In some ways, Andi Sharp knew too much. As an emergency medicine physician at Mayo Clinic in Jacksonville, Sharp is skilled at diagnosing, treating and caring for her patients. But being the patient herself was unfamiliar territory.

Andi Sharp celebrates her win after the virtual 2020 Players Donna 5k. Photography courtesy of the Donna Marathon.

In February of 2015, Sharp, now 47, ran her first marathon at the Donna in honor of a nurse at Mayo who had just been diagnosed with breast cancer. Two months later, Sharp received the same diagnosis.

“I just felt really blessed to have an early diagnosis, to have resources to treatments, to really know that I was going to be okay,” she says.

While Sharp was fortunate enough to detect the cancer early, she couldn’t shake the fact that so many women aren’t as lucky. To represent the one in eight women who develop breast cancer in a lifetime, Sharp set eight fitness goals she aimed to complete that year. Six weeks after she finished her radiation, Sharp ran a half-marathon. Then the Donna Marathon again. Then a half-Ironman.

For me, I was healthy and had no risk factors, so I think it shocked a lot of people, and I think it also made them realize ‘one in eight women’ is pretty powerful.
— Andi Sharp

And she didn’t tackle these goals alone. The year after her diagnosis, about 50 of her friends who had supported her throughout treatment ran alongside her at the Donna Marathon. They called themselves the Bouncy HuntERs. What began as a group of friends and coworkers running for Sharp has evolved over the years into a group about 100 strong running for every woman facing breast cancer.

“For me, I was healthy and had no risk factors, so I think it shocked a lot of people,” she says. “And I think it also made them realize ‘one in eight women’ is pretty powerful.”

Mile 20: Rainy Day Richard

Richard Solze doesn’t like to admit it, but his legs were getting tired. Up until now, the most consecutive miles the 63-year-old Army and Marines veteran had logged on his recumbent bike was 17. Mile 20 brought challenges he hadn’t encountered before.

“My lungs felt great,” Solze remembers. “My lungs could go the distance, but my legs got heavy on the way back.”

The Jacksonville local was racing alongside his fellow Brooks Adaptive Sports and Recreation athletes, a crew of individuals with physical, cognitive and visual disabilities that participate in free physical activities through the Brooks program. For Solze, it’s chronic pain he earned from his military service and some hard landings as a parachutist.
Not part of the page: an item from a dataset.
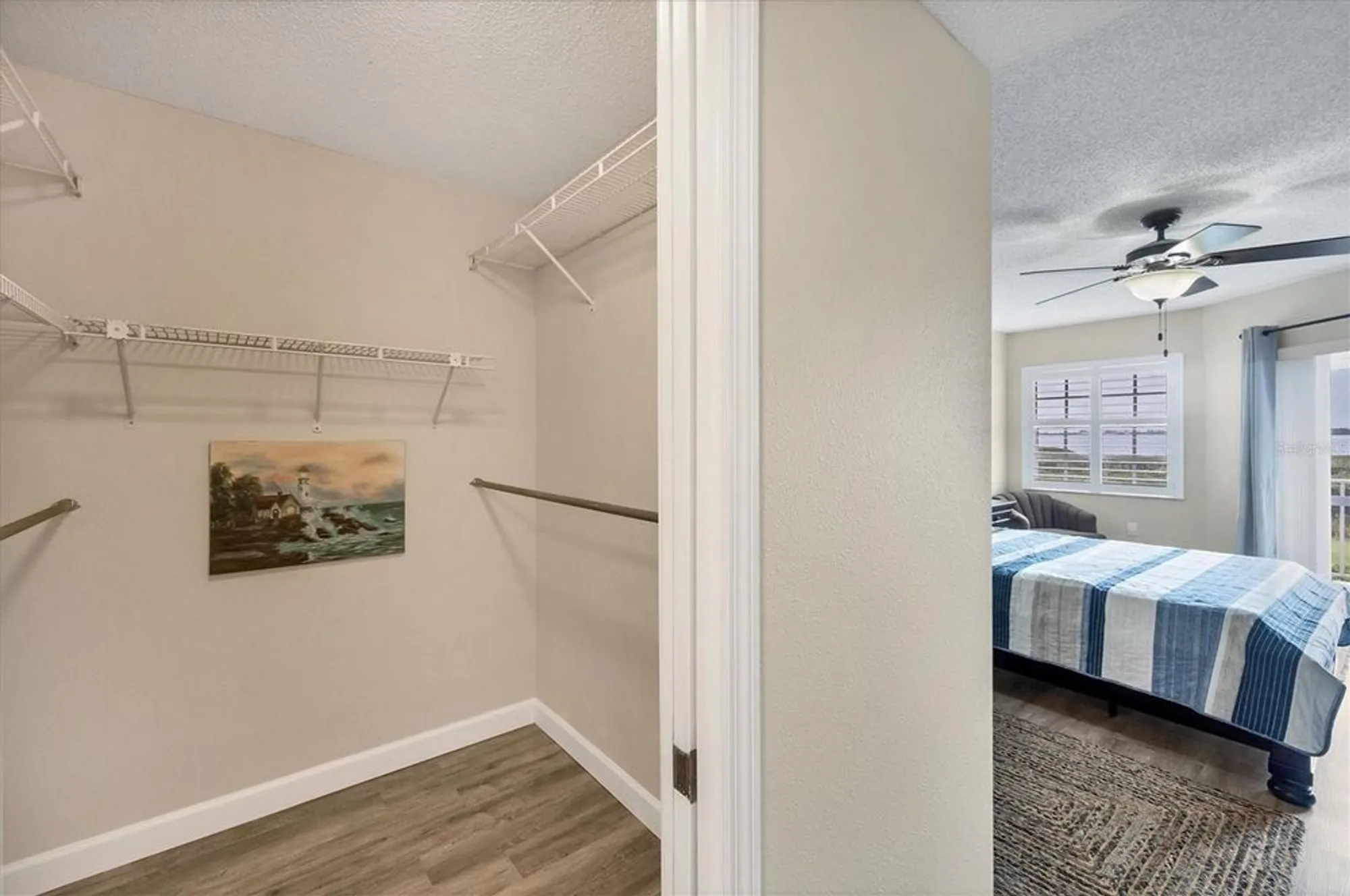 Property Slideshow image 16 of 28 | 1153 edgewater cir, Bradenton, FL, 34209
Instead of giving up his active lifestyle, he took up the recumbent bike, which was much easier on his hips, back and neck.
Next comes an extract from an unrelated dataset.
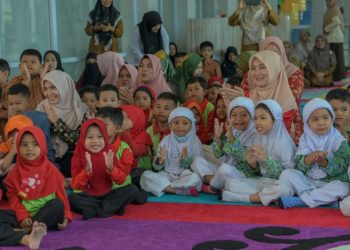 Ayu Candra Mendengarkan Dongeng Bersama Seratusan Anak TK dan PAUD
While his military days might be behind him, Solze says some things never leave the blood.

This car may run out of gas.
— Richard Solze

“Yeah, I’m a competitive person,” he says. “The 36-and-a-half years I spent in the military wouldn’t allow me to be noncompetitive.”

So while Solze might have trained at a nice and easy pace, race day called for speed. Solze was worried he fell into a trap that so many athletes succumb to on race day: going out too fast. As he watched the miles roll by beneath his wheels, he began to worry. “This car may run out of gas,” he laughs.
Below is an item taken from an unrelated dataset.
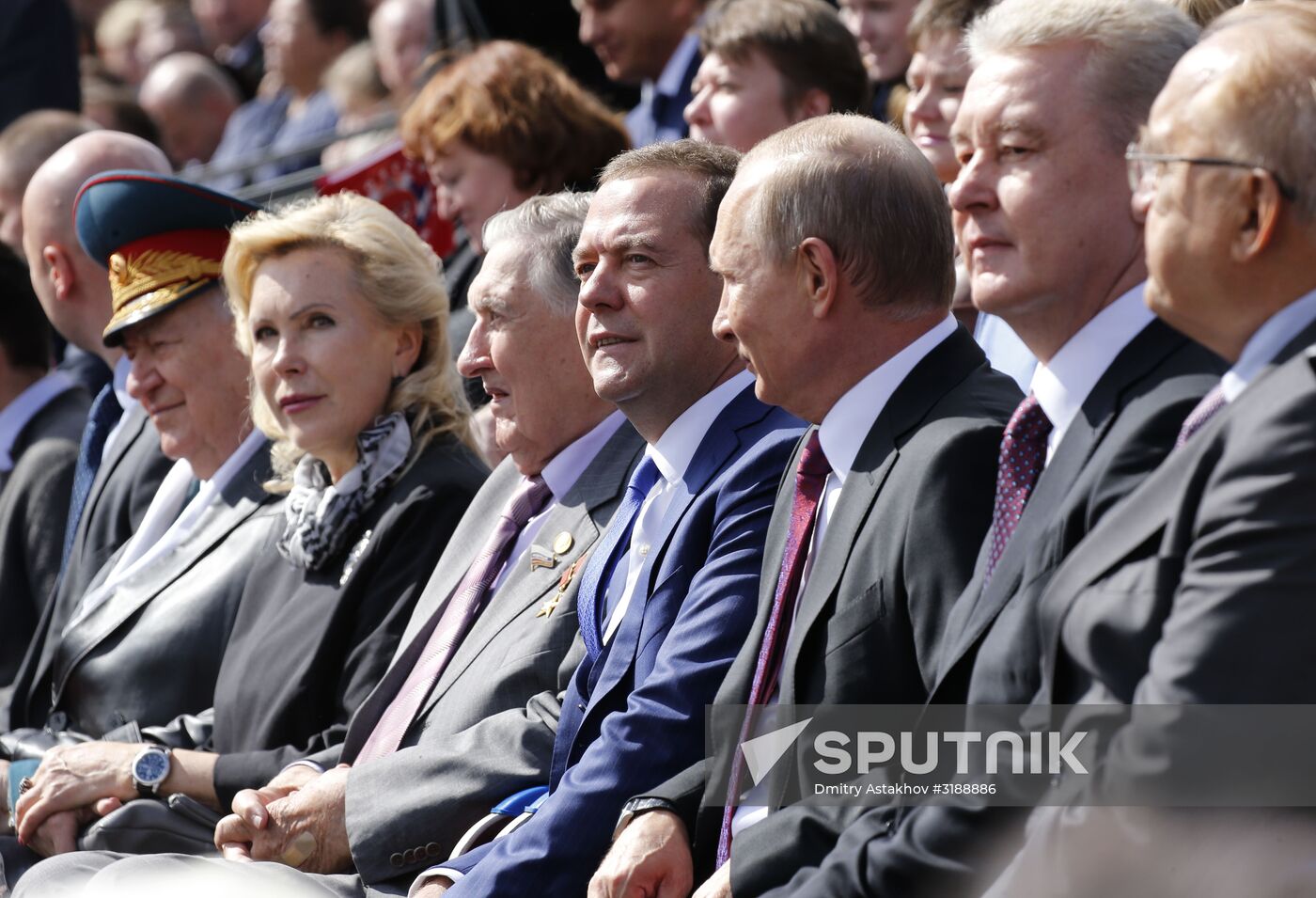 President Putin, Prime Minister Medvedev attend City Day opening ceremony on Red Square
It wasn’t just his innate need to compete that drove him to push harder than he normally would, he was also racing the rain.

Solze had been compulsively checking the weather since Tuesday. Each day it seemed to creep up: 30 percent chance of rain, then 60 percent, then 90. He emailed the program coordinators to inquire about the plan. The night before Feb. 13, Solze was convinced the race wouldn’t even happen. He showed up the morning of and tracked the hourly forecast. When the group’s start time was delayed 25 minutes, Solze was sure that meant 25 minutes of rain-soaked racing. He feared they may even need to evacuate halfway through.

So Solze pushed hard. He knew he needed to finish by 11 a.m. if he wanted to beat the storm, so he ignored the sandbags it felt like someone had tied to his legs and the unfamiliar mileage. When he crossed the finish line, relieved he had outraced Mother Nature, he turned to congratulate a fellow participant.

“Man, I had to put on my poncho when it started raining,” the other racer said. Solze paused.

“Huh, I don’t remember any rain,” Solze said.